Dalam hidup ini, seseorang bergerak disebabkan menghindari Pain dan mengejar pleassure. Jika dia koleris atau sanguinis tunjukan Pain dan Pleassurenya. Jika dia melankolis, tunjukan painnya. Kalau dia plegmatis tunjukan pleassurenya

Gimana Sih Cara Melayani Chat Pelanggan sampai Closing?

5. Pahami cara chatting yang baik

Sebab waktu chatting kita harus membuat customer merasa nyaman, maka buat mengadakan itu ada prosedurnya. Saat chatting dengan calon customer laksanakan hal-hal di bawah ini.

a. Akhiri setiap jawaban Anda dengan pertanyaan

Jangan biarkan chat kita selesai dengan jawaban. Akhiri kalimat kita dengan pertanyaan, agar memancing percakapan berlanjut. Dia tertarik, kita bertanya. Dia diam, kita tanya. Pokoknya tanya terus sampai transfer.

b. Sebut namanya, selipkan emot dan ulangi kalimat calon pembeli

Ini bertujuan supaya kita dianggap penjual yang ramah sehingga calon pelanggan nyaman ngobrol dengan kita.
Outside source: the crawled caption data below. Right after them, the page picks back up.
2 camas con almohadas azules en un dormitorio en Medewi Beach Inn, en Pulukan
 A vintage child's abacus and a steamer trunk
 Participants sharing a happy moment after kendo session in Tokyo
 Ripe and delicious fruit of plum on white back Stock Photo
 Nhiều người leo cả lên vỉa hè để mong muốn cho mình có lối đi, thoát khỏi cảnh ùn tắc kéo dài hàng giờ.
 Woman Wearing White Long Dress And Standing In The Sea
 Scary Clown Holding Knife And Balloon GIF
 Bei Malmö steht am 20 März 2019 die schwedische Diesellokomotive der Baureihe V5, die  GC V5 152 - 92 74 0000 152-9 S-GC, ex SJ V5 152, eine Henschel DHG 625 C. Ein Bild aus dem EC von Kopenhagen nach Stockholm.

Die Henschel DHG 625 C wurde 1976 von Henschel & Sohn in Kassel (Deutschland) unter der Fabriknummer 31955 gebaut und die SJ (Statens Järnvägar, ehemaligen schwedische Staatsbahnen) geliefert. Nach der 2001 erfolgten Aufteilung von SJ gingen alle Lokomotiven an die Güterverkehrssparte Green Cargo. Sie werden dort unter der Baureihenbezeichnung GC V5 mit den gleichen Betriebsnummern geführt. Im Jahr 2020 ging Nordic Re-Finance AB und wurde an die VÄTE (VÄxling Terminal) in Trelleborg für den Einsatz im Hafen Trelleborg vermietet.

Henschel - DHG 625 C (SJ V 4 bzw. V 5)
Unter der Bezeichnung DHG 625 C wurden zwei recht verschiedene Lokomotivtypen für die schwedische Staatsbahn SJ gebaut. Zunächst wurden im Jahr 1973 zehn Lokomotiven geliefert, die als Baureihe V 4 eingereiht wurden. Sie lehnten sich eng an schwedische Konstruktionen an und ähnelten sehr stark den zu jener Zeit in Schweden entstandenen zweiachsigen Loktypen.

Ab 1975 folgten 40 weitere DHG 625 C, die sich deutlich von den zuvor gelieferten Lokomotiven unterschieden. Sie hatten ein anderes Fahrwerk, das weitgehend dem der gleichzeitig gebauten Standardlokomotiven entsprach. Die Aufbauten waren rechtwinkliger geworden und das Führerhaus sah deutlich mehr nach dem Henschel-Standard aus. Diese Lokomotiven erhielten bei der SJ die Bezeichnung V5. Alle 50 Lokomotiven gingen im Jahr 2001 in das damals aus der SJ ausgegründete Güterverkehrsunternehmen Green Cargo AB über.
c. Kalau menjelasakan manfaat produk, gunakan pola 3 in 1

Kalau calon customer tanya manfaat produk, jelaskan 3 keuntungan dalam 1 kalimat. Contohnya “Ketika bapak/ibu … memiliki produk ini, maka akan mendapat A, B, dan C”

d. Tunjukan empati

Jangan mikir closing-closing aja. Tuluslah memberikan solusi untuk masalah calon customer. Fokuslah ke calon pelanggan, bukan transferannya. Apabila Anda fokus ke calon pelanggan, hasil nanti akan mengikuti. Bila memang produk Anda adalah apa yang dia perlukan, pasti akan beli.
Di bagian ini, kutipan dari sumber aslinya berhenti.